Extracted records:
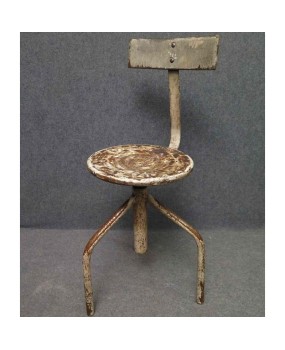 Midcentury Round Metal Italian Industrial Stool, 1960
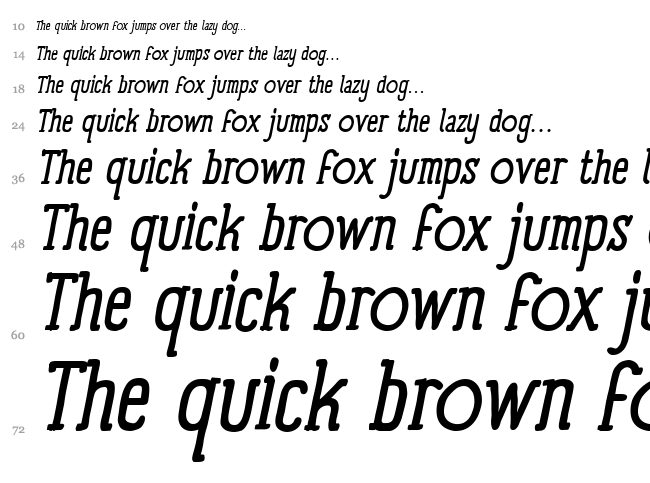 Panforte Serif font waterfall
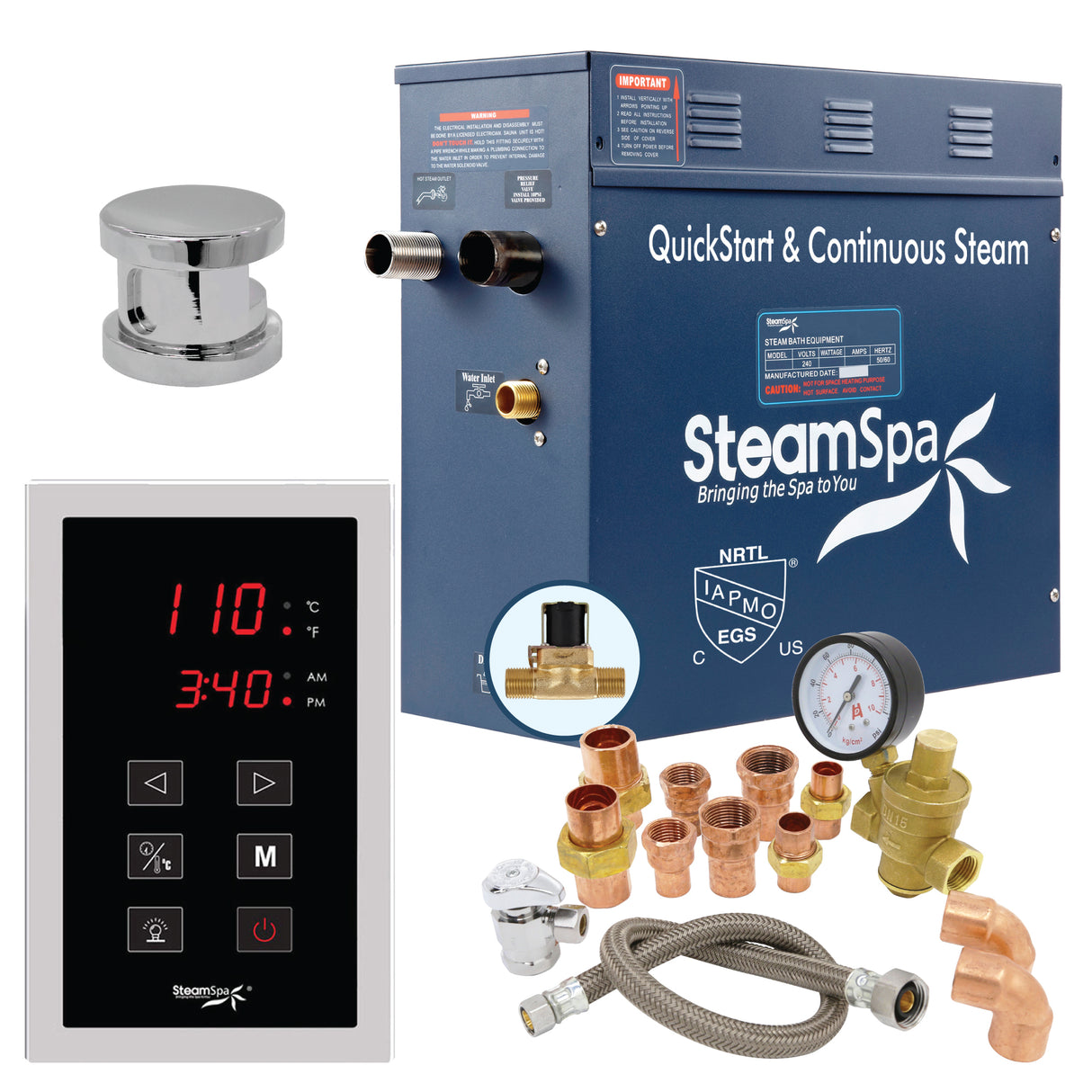 SteamSpa Premium 4.5 KW QuickStart Acu-Steam Bath Generator Package with Built-in Auto Drain in Polished Chrome PRT450CH-A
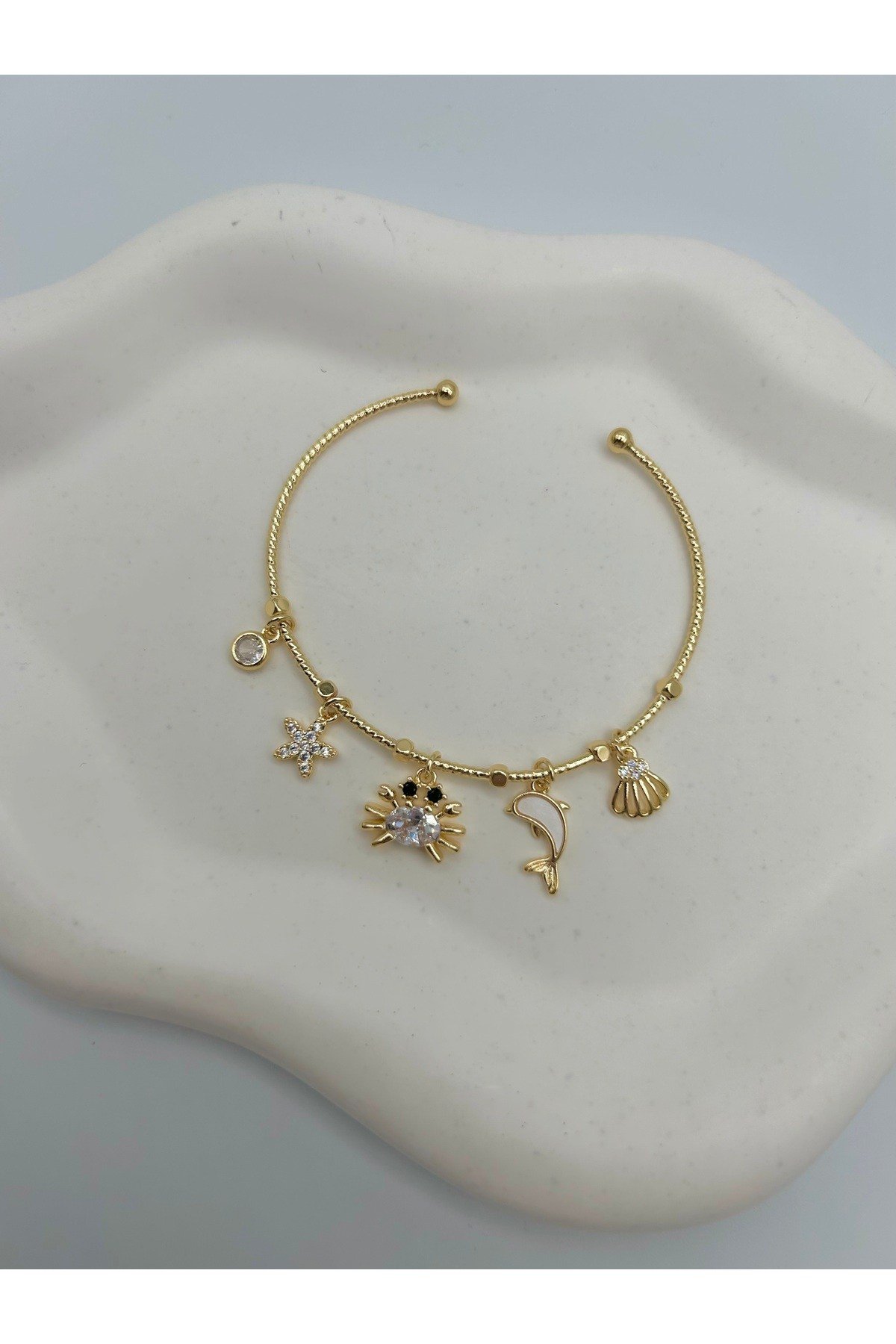 Deniz Temalı Charm Kadın Bileklik - Bileğe Göre Ayarlanabilir - Gold ve Gümüş Renk Seçenekleriyle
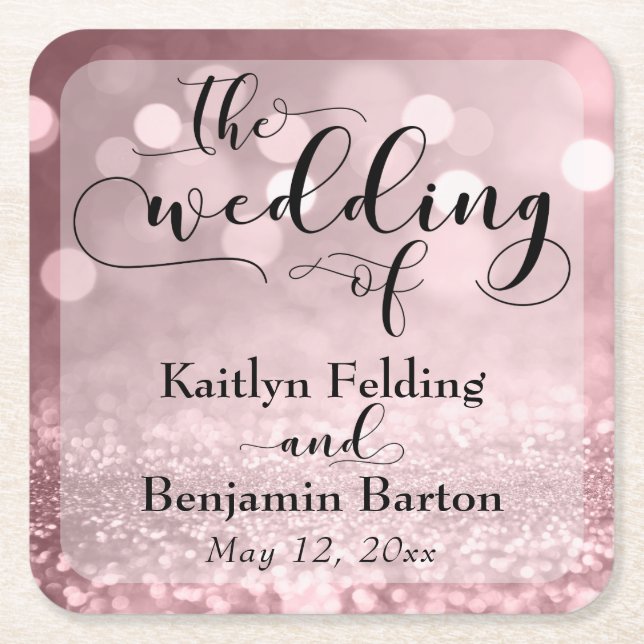 Rose Gold Glitter Bokeh & Typography Commemorative Square Paper Coaster (Front)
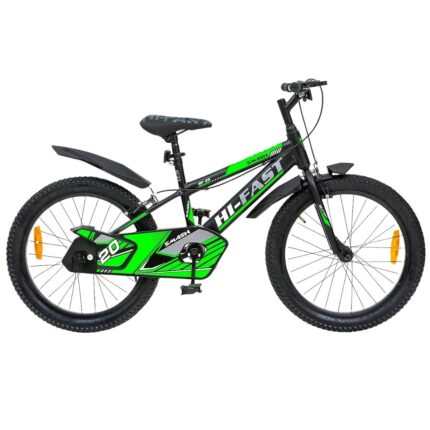 HI-FAST Smash 20T Cycle for Boys & Girls 7 to 10 Years with Tyre-Tube & Side Stand (Semi-Assembled) 20 Inches,Road Bike- Green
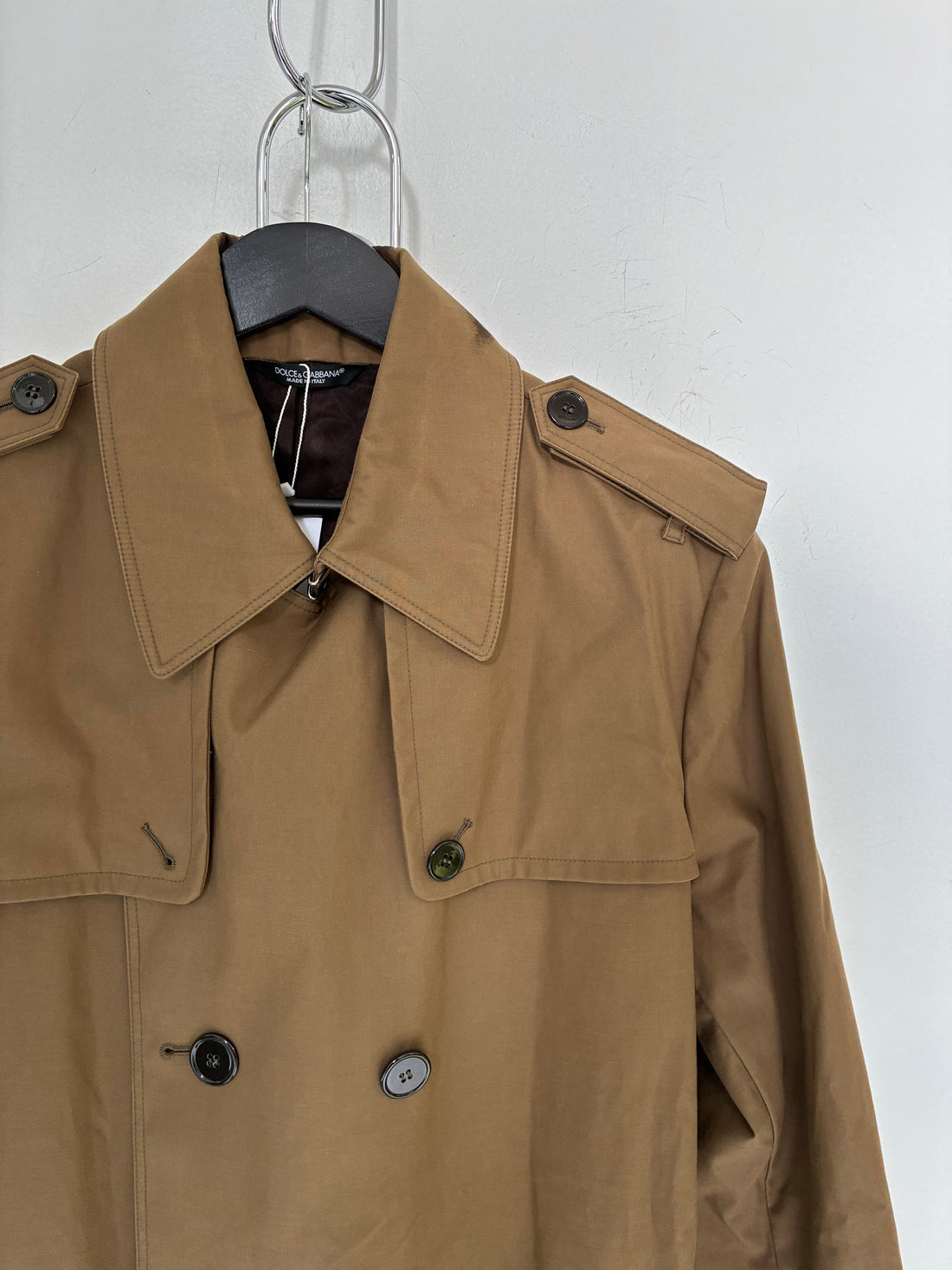 FW2014 DOLCE & GABBANA DOUBLE BREASTED BEIGE COAT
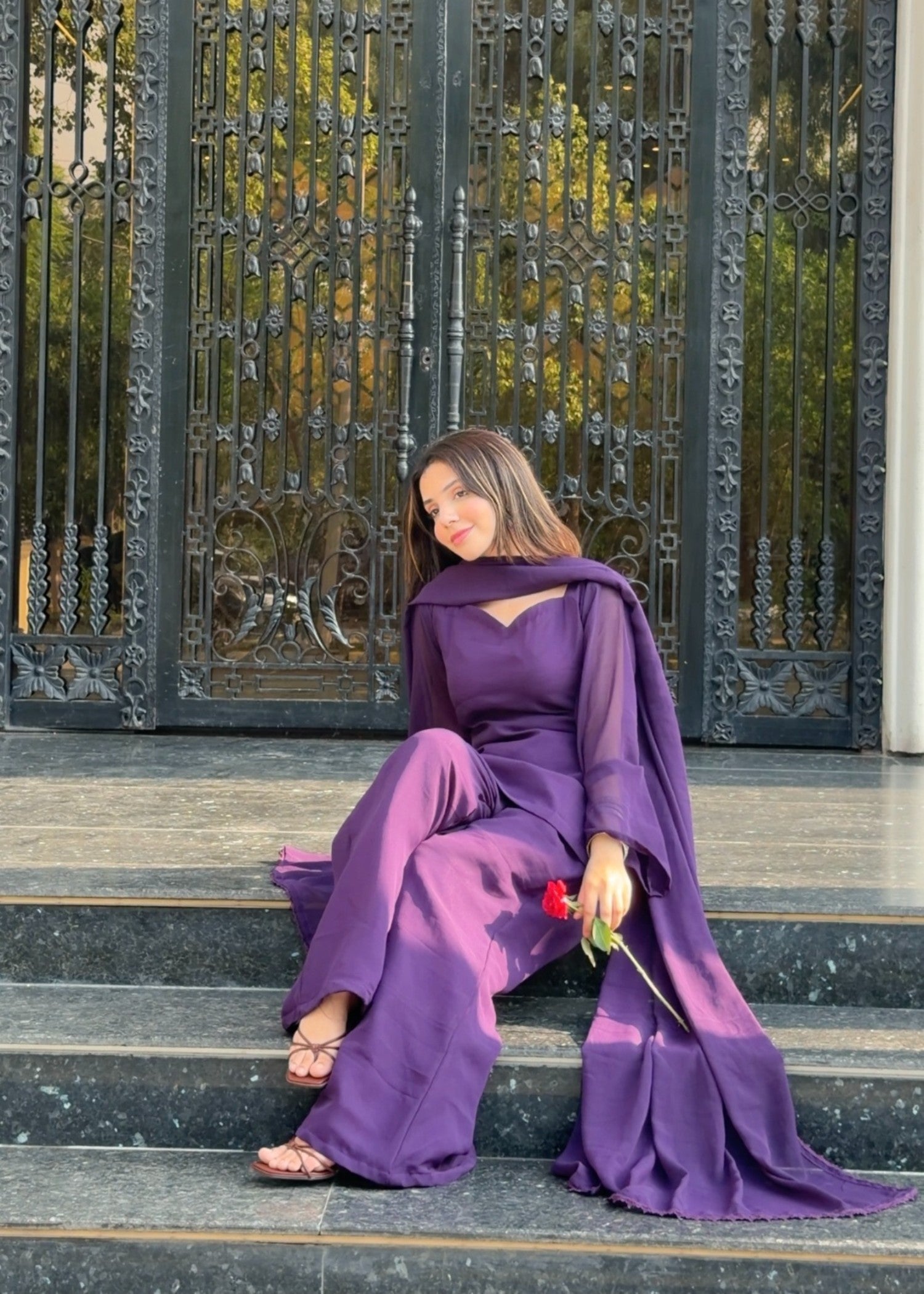 chiffon Kurta Set in Royal purple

* [What is needed]:
Type out the data above again exactly as written, minus the images.

* [Solution for this task]:
 Midcentury Round Metal Italian Industrial Stool, 1960
 Panforte Serif font waterfall
 SteamSpa Premium 4.5 KW QuickStart Acu-Steam Bath Generator Package with Built-in Auto Drain in Polished Chrome PRT450CH-A
 Deniz Temalı Charm Kadın Bileklik - Bileğe Göre Ayarlanabilir - Gold ve Gümüş Renk Seçenekleriyle
 Rose Gold Glitter Bokeh & Typography Commemorative Square Paper Coaster (Front)
 HI-FAST Smash 20T Cycle for Boys & Girls 7 to 10 Years with Tyre-Tube & Side Stand (Semi-Assembled) 20 Inches,Road Bike- Green
 FW2014 DOLCE & GABBANA DOUBLE BREASTED BEIGE COAT
 chiffon Kurta Set in Royal purple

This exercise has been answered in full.